At issue this week are more than a dozen emails with content related to the terror and militant attacks on the U.S. consulate in Benghazi, Libya, a disaster which left Americans dead or wounded on September 11, 2012—the anniversary of 9/11. According to sources at the U.S. State Department, at least 15 emails cannot be found, exchanges between Clinton and her longtime political advisor Sidney Blumenthal. The missing emails also contained copies of intelligence reports and other crucial documents related to events in Libya in the late summer of 2012, and prior to the attack on the American facility.

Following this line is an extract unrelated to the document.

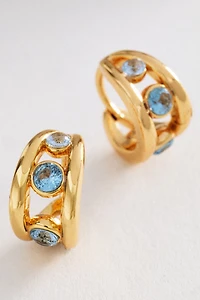 Split Crystal Huggie Hoop Earrings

Officials at the State Department say that the missing emails are among the thousands which were sent or received by the former First Lady using a homebrew server and a privately crafted email account. State Department officials have not indicated if they believe that the emails were deleted by Clinton, but Clinton has told reporters that she personally vetted emails—perhaps as many as 60,000—and made the decision herself as to whether they could be deleted or saved.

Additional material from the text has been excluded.